There are plenty of budget choices in the centre of Alicante, Cervantes seemed like a decent enough one. Not plush but comfortable, bang in the centre and cheap enough at €35 for the night. Fellow guests were a wee bit feisty though- As I entered the room I inadvertently let the door slam and a wild-eyed Spanish man in pants flew out of the adjoining room. A hasty ‘disculpe’ and he muttered ‘bueno’ before flying back into his room. Whoops. It was pretty late though, in pant man’s defence.
Suitably rattled, I headed straight back out onto Alicante’s streets to find a quick bite and a beer. Nachos and 2 canas for €5? That’ll do, pig.
The next day a late start put paid to any thoughts of extensive exploration so I decided to just see the highlights. If you’ve ever been to Alicante you’ll know the obvious starting point… The bloody huge chunk of sandstone in the centre! The Castillo really is worth seeing, although at the time of writing this I’ve seen so many castles and they are all blending into one. But in any case, before then you will have to navigate through Alicante’s wide boulevards and atmospheric alleys.
The castle’s a nice spot. Touristy but not horrendously so, with loads of exhibitions showing artefacts from its varied history since construction in the 10th Century. Just don’t get stuck behind delinquent Spanish school groups!
I didn’t actually have long in Alicante. This was by design rather than accident- Since I had a car I was keen to get out into the countryside and explore. I’m not a city break person, on the whole. Just time then to wander down from the castle and see the quayside. Home to some serious yachts and also the excellent Volvo Ocean Race museum, a definite ‘must visit’ here.

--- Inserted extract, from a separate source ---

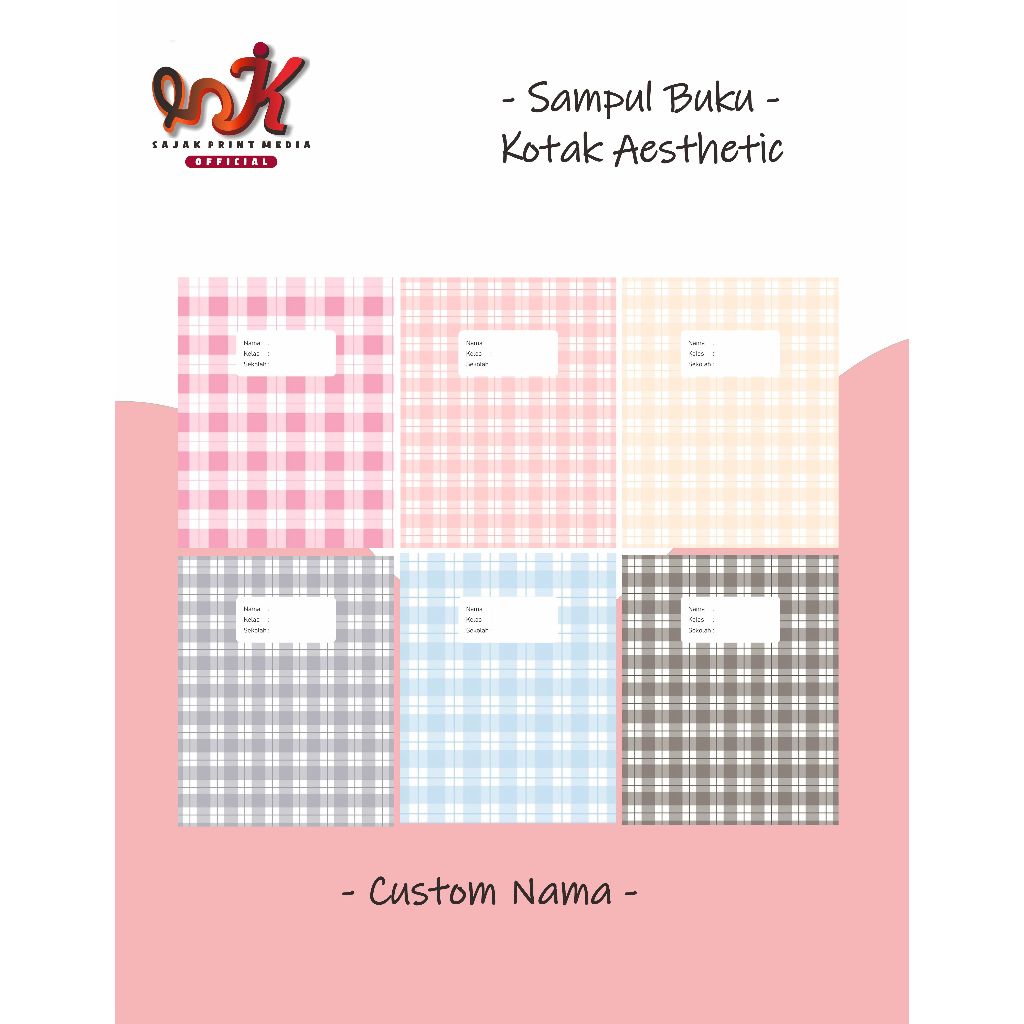 Sampul Buku Aesthetic Kotak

I didn’t have quite as much time as I wanted, since the car was parked in the hotel on a tight time limit, but actually it’s well worth a couple of hours spent poking around the interactive exhibits and fascinating long history of the race. You can also see the working control room which is going to spring into life when the race leaves Alicante this October.
Back to the hotel and into the car, it was time to brave the Spanish motorways. Google Maps again upset itself with the tiny city blocks, treating me to pictorial orbits of several before I finally managed to hit the A-7 southbound. Pretty light on plans, I just knew that roughly I wanted to get past Murcia and into the hills…

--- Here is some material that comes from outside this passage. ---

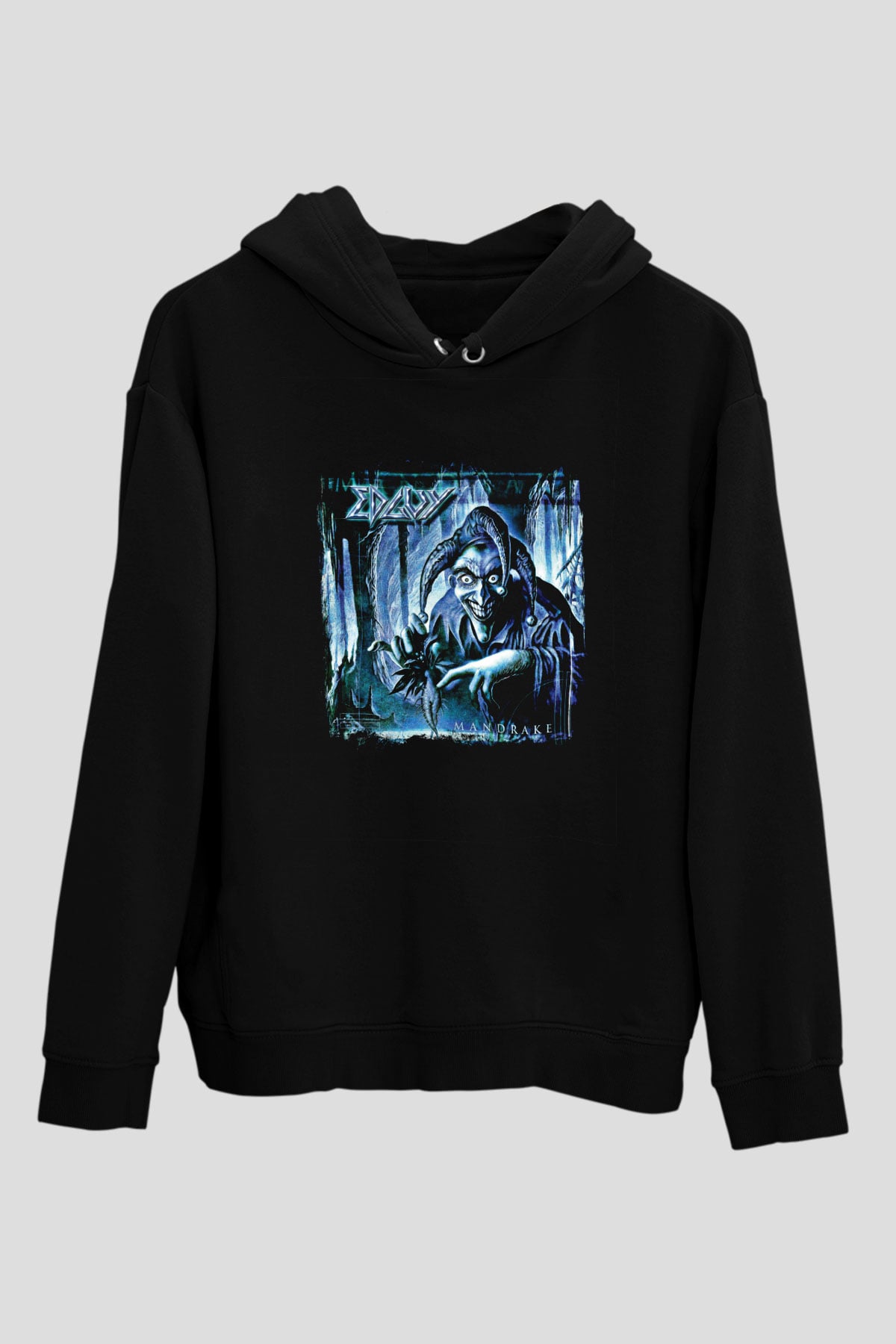 Edguy Baskılı Unisex Siyah Hoodie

After a while I picked a random service station to stop for lunch. By this time it was baking hot, I can’t describe the joy of warming my bones again after a few months of English winter. Constant reminders down here, not just the heat but also the Arabic road signs, of such a rich Moorish heritage and the extreme proximity of Morocco. Over a paella and caña I hit up Booking.com since I thought 3pm was a reasonable juncture at which to secure the night’s lodgings. Sure enough, Eur35 bagged me a room at the well-rated Hotel Caravaca in the small town of Caravaca de la Cruz, up in the Murcian foothills. Looked as good an overnight waypoint as any.
I arrived in Caravaca a couple of hours later, after a tactical stopoff at the thoroughly Spanish institution which is Lidl. It’s all the same, down to the offers and product lines. Bizarre, but still a good cheap place to stock up on travel essentials like a big bottle of water and some gummy dinosaurs.
Parking was, once more, a fun logistical challenge. Spanish towns seem to be really packed together in their centres with little room for such niceties as open-air parking. This one was right in the bowels of the hotel and has a car lift to get down there. Scary as hell but it didn’t trap me so all’s well. Again, pro-level manoeuvring required for the minuscule spaces and strategically placed pillars.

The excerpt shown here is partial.